● Action item:
The job is to output each record exactly as it stands, pictures excluded.

● Provided records:
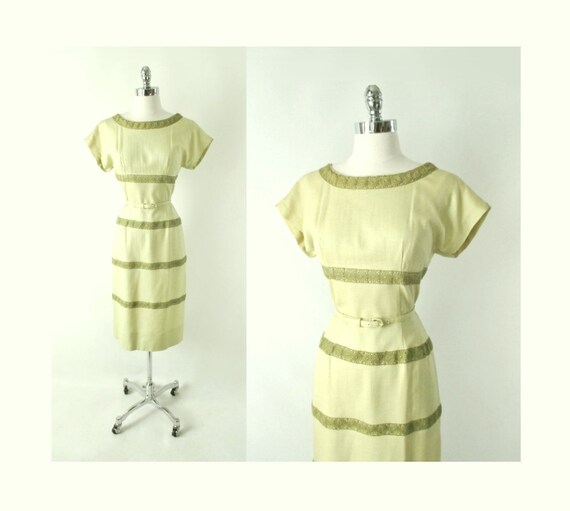 Vintage 50s Linen & Lace Sheath Dress M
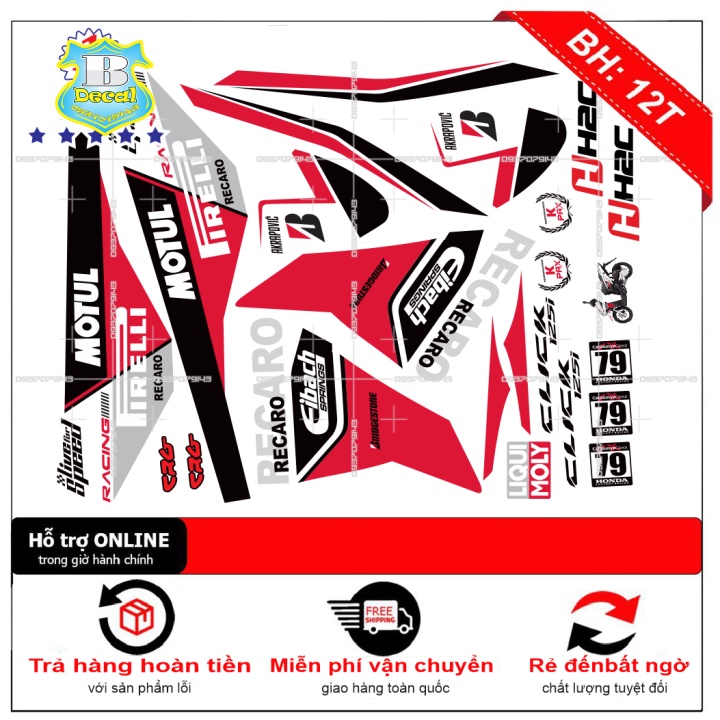 ( Quí khách vui lòng mang ra tiệm cho thợ dán ) Tem Click 125i RECARO trắng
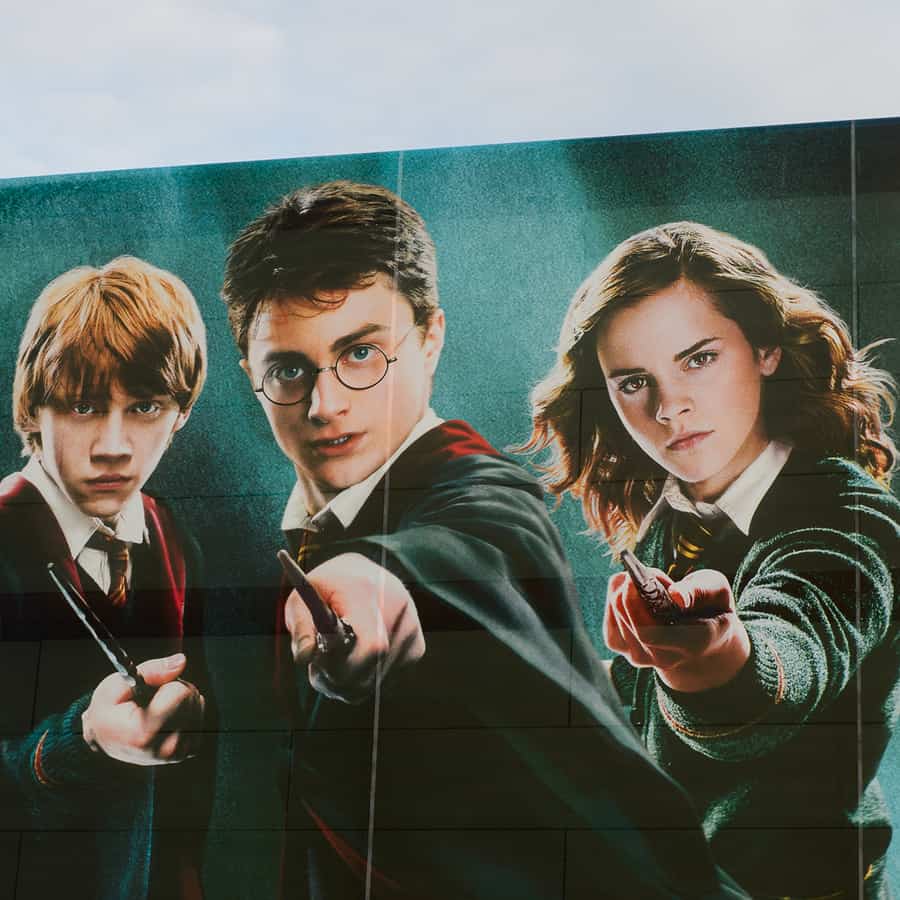 Daniel Radcliffe, Emma Watson And Rupert Grint On The Poster Of The Wizarding World Of Harry Poter Experience In Madrid
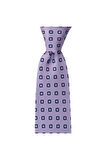 Lila desenli 8 cm genişliğinde mendilli kravat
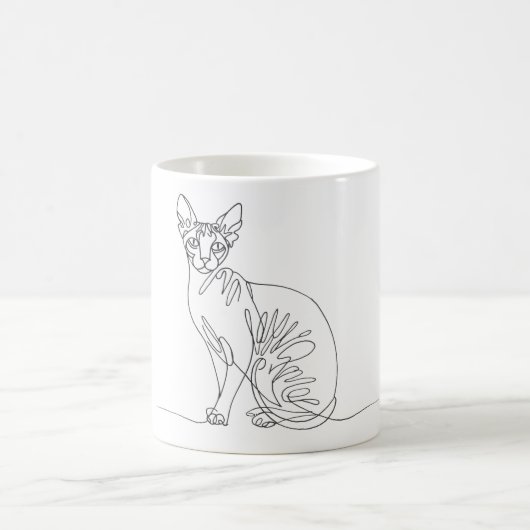 Hand Drawn Sphynx Cat - Minimalist Line Art Koffiemok (Center)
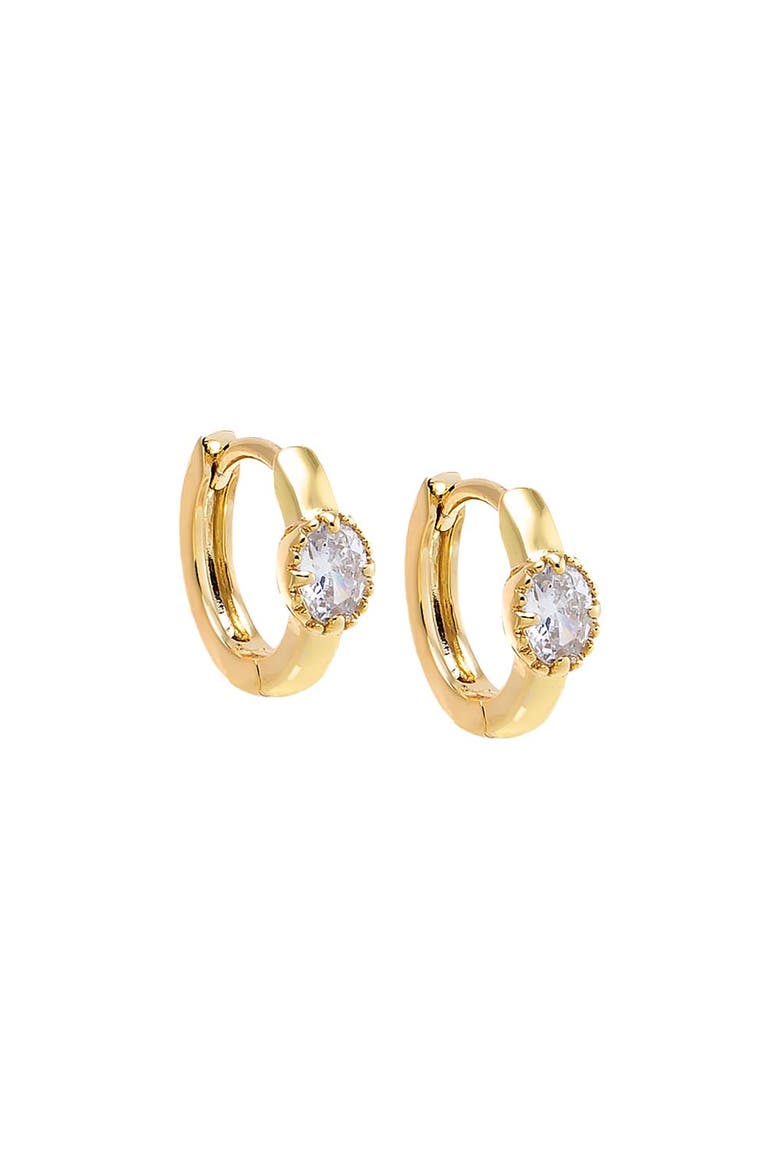 CZ Oval Bezel Halo Huggie Earring, Main, color, Gold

● Answer to the exercise:
 Vintage 50s Linen & Lace Sheath Dress M
 ( Quí khách vui lòng mang ra tiệm cho thợ dán ) Tem Click 125i RECARO trắng
 Daniel Radcliffe, Emma Watson And Rupert Grint On The Poster Of The Wizarding World Of Harry Poter Experience In Madrid
 Lila desenli 8 cm genişliğinde mendilli kravat
 Hand Drawn Sphynx Cat - Minimalist Line Art Koffiemok (Center)
 CZ Oval Bezel Halo Huggie Earring, Main, color, Gold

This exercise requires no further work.